Thank you very much,I can’t upload multiple files.

The samples I use are downloaded from this website.
Use fixed rendering pipes.
I test performance because I have a software that draws a lot of line elements.
Similar to map software. like this .


his performance is very poor.
Each lane is drawn with a "glbegin: command,
I try to use one displaylist to render all the lanes.or use vbo replace glbegin .
but if one displaylist , Modifying displaylist is slow, and the performance is not improved.
if use vbo, Then maybe I need to build hundreds of thousands of vaos 、 vbos, which will make the program very complex.

In short, I want to build a map software that can edit maps and render a large number of elements.

I wonder if we should skip the performance issue?

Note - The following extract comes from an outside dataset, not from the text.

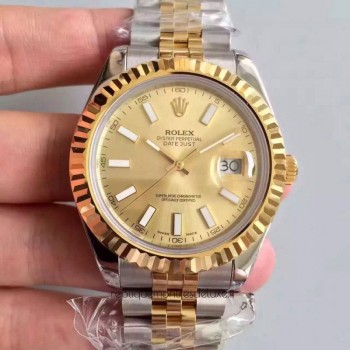 Replik-Uhr Rolex Datejust 41 126333 41MM Rostfreier Stahl & Gelbgold Champagner-Zifferblatt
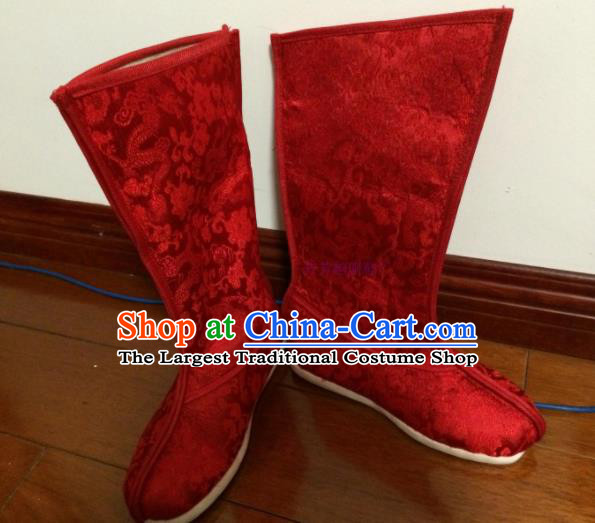 Chinese Traditional Shoes Beijing Opera Shoes Ancient Wedding Red Satin Boots for Men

From a business perspective.
Vbo is more suitable for my software.
Should I have a vertex buffer for each element, or should the entire map share a buffer?

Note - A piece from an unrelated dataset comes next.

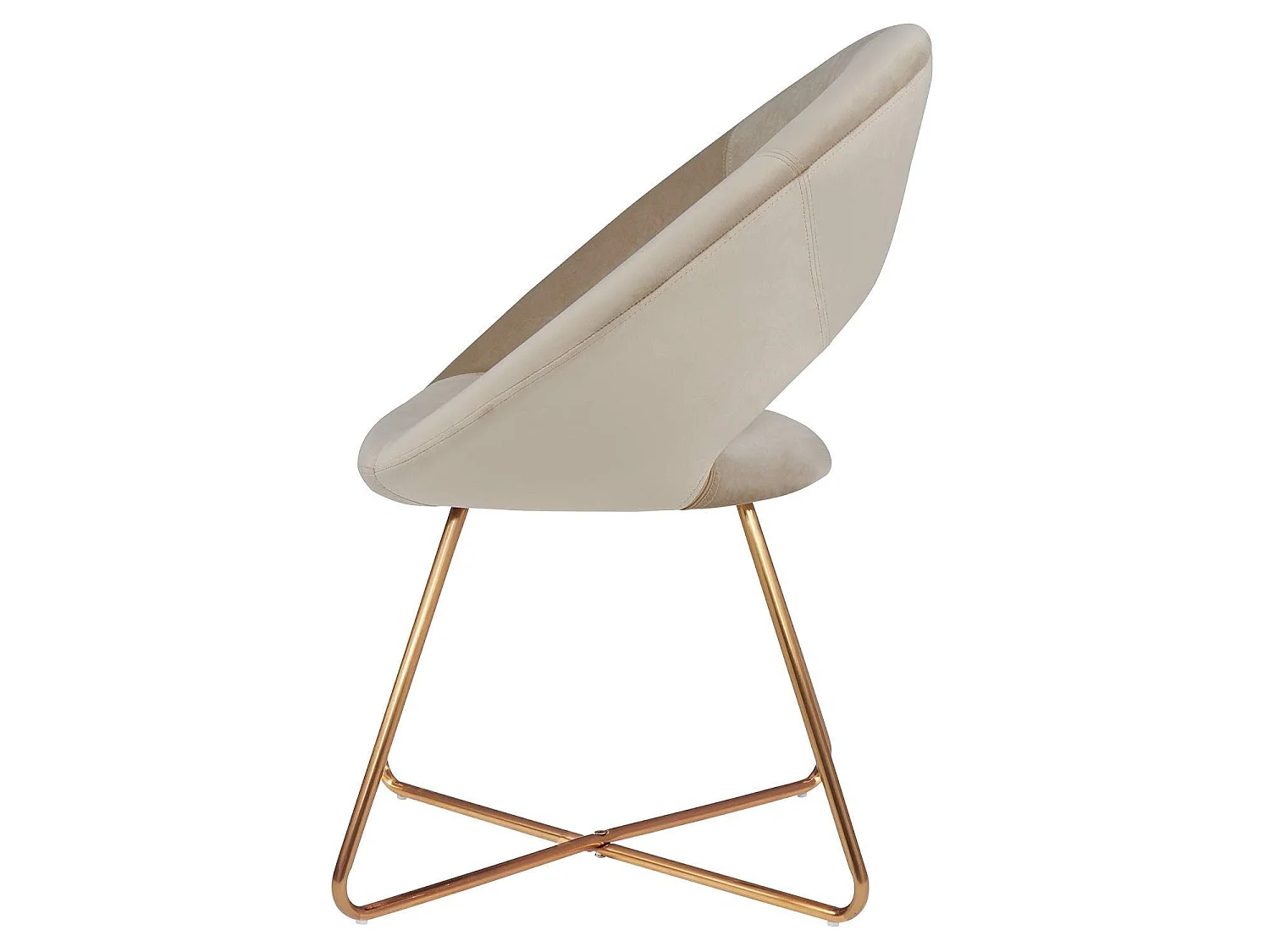 Fauteuil chaise lounge design métal crème 72 x 53 x 84 cm FAL09037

There is nothing in the scene except these maps.
no lighting model,no pbr, no texture of material,

You should probably have a VBO (or a handful of VBOs) for the entire map. You’ll need to handle the allocation of vertices within the VBO yourself.

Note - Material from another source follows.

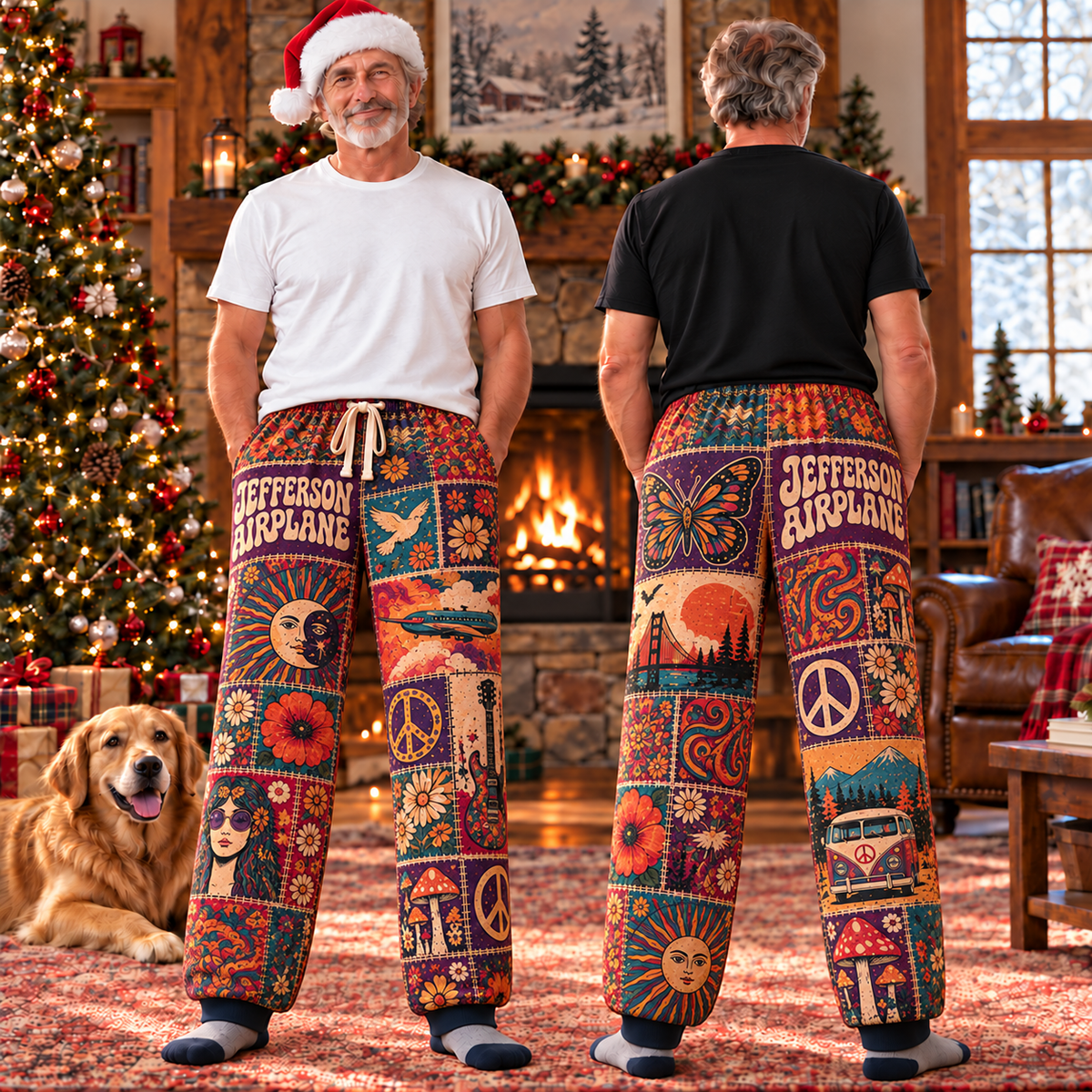 Jefferson Airplane Pajama Pants - Patchwork Psychedelic Rock Art Sleepwear | Music Fan Lounge Pants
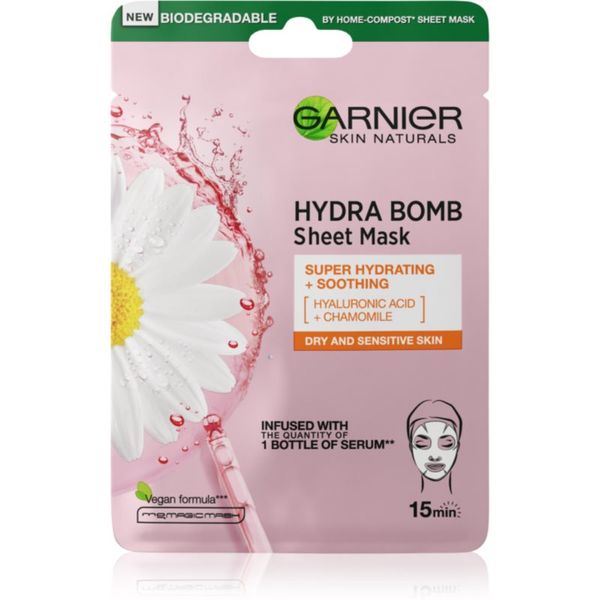 Garnier Garnier Skin Naturals Moisture+Comfort силно хидратираща успокояваща платнена маска за суха до чувствителна кожа 28 гр.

The performance of updating the VBO shouldn’t matter if it’s only being updated in response to user input; the user isn’t going to be clicking the mouse or pressing keys hundreds of times per second.

Can I use geometric instances for such functions?

Instancing will only help if the map consists largely of copies of prefabricated objects. From the picture, it doesn’t look as if that’s the case. Instances need to be non-trivial for instancing to be useful, as implementations don’t pack multiple instances into a workgroup. Instances with few vertices will result in wasted GPU capacity in the vertex processing stage.

To what GClements mentioned (referencing the glDraw*Instanced*() draw calls, and similar with indirect draws), many drivers/GPUs actually can pack different instances in an instanced draw call into shared thread groups. So that’s probably not an concern here.

Regardless, this is a GPU-side perf issue. Your CPU time needed to dispatch all of these otherwise separate object draw calls will be significantly reduced. And if you’re currently making many draw calls perf frame and CPU-side frame time limited, switching to instanced draw calls nets you a huge perf++.

Now with MDI rendering (i.e. the the glMultiDraw*Indirect*() draw calls where we talking about putting different objects in different GL_DRAW_INDIRECT_BUFFER subdraw records), that falls squarely in the category GClements is referring to. That said, again this is completely a GPU-side perf issue. The amount of CPU time needed to queue a few MDI draw calls (or a few instanced draw calls for that matter) is almost zero. This is a huge CPU-side perf++, if you’re currently massively CPU-side frame rate limited. And there are GPU-side techniques to reduce the GPU-side perf cost if/when that becomes an issue.

A big part of the win with using instanced draw calls and/or MDI draw calls is the data and state reorg that you have to do to use them. Namely: 1) pack multiple objects in shared VBOs/IBOs, and 2) get rid of all of the often-needless GL state changes that you are doing between each of those original draw calls … so that it’s even possible to launch a bunch of object draws with a single draw call.

Related thread:

Thank you,The CPU should be more limited,A classic traversal scenario graph.There are about 100000 nodes.That is 100000 lane lines.
The trouble is that the number of vertices of each lane line is not equal, so there is no way to use geometric instances.
I`ve switched to using a display list for rendering,but, becasue work environment,I using Intel HD630 video card. in HD630,The performance of any method is similar,for 100000 elements,the rendering frame rate is maintained at about 8 frames. I dont know why…
at the same time ,I am in the virtual machine (vmware) work…

but,I already feel it, use one vbo buffer to render one map,is best choice.In order to function expansion,

By the way, for large engines like Unreal, they will not consider using methods like display list?

Unlikely. High-level engines usually support multiple rendering APIs (Unity supports DirectX, Vulkan, and OpenGL core profile on Windows, Metal on MacOS). Display lists are specific to OpenGL compatibility profile.